* DATA FOR REVIEW *
##############################

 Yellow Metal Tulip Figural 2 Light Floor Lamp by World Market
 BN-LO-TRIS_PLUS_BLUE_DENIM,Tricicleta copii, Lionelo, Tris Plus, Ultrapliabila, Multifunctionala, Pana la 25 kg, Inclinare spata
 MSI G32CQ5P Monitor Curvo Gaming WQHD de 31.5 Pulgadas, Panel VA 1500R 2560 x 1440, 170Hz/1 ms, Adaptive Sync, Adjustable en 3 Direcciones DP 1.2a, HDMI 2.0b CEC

##############################

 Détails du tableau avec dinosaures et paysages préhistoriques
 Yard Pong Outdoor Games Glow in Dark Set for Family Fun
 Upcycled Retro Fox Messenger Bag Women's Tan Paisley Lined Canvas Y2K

##############################

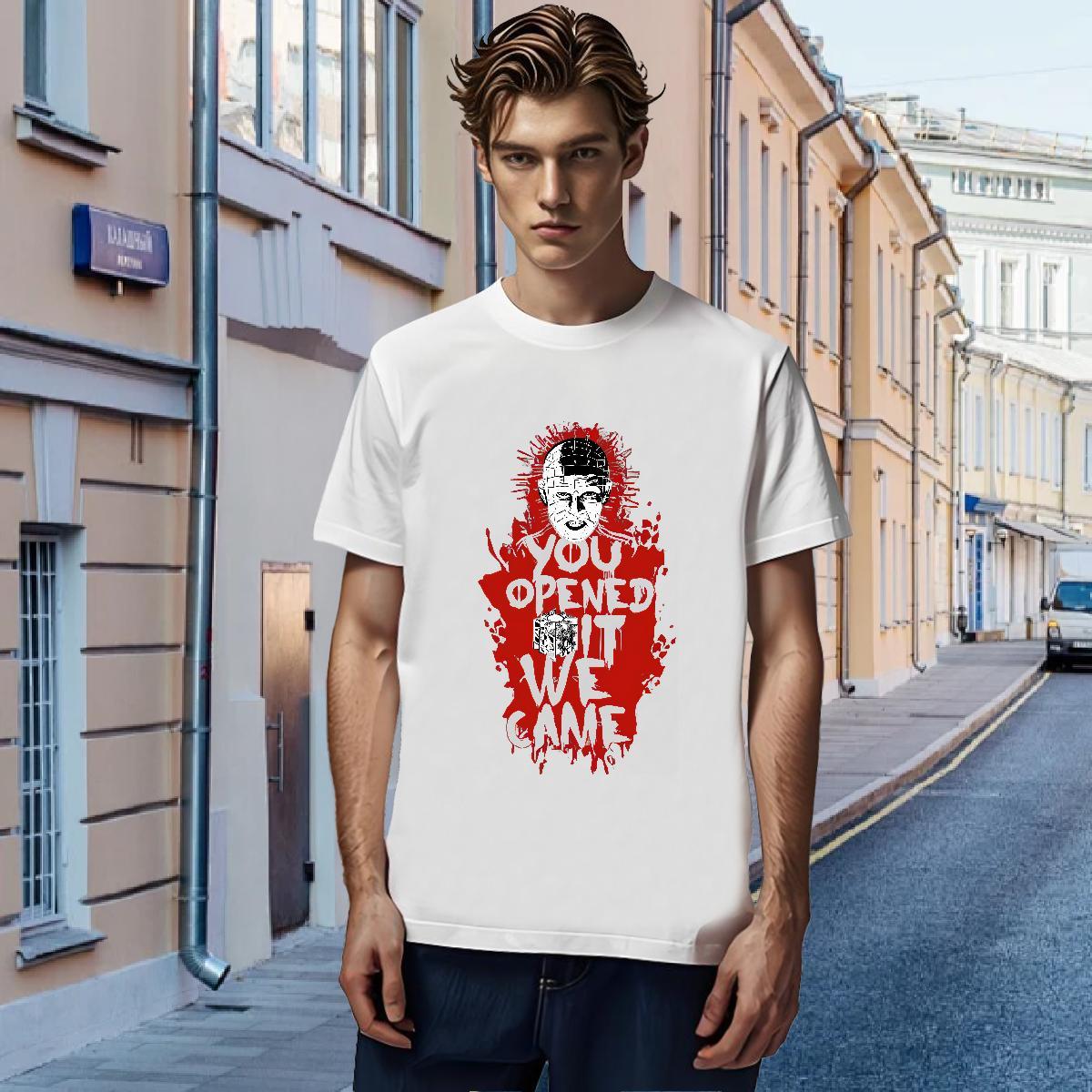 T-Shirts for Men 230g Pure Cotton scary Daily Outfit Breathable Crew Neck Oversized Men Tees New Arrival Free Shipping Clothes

##############################

* PROBLEM TO WORK ON *
Repeat word for word the lines above that run from the line containing "Yellow Metal Tulip" through the line containing "MSI G32CQ5P Monitor", both ends included, and nothing else.

* RESPONSE TO THE EXERCISE *
 Yellow Metal Tulip Figural 2 Light Floor Lamp by World Market
 BN-LO-TRIS_PLUS_BLUE_DENIM,Tricicleta copii, Lionelo, Tris Plus, Ultrapliabila, Multifunctionala, Pana la 25 kg, Inclinare spata
 MSI G32CQ5P Monitor Curvo Gaming WQHD de 31.5 Pulgadas, Panel VA 1500R 2560 x 1440, 170Hz/1 ms, Adaptive Sync, Adjustable en 3 Direcciones DP 1.2a, HDMI 2.0b CEC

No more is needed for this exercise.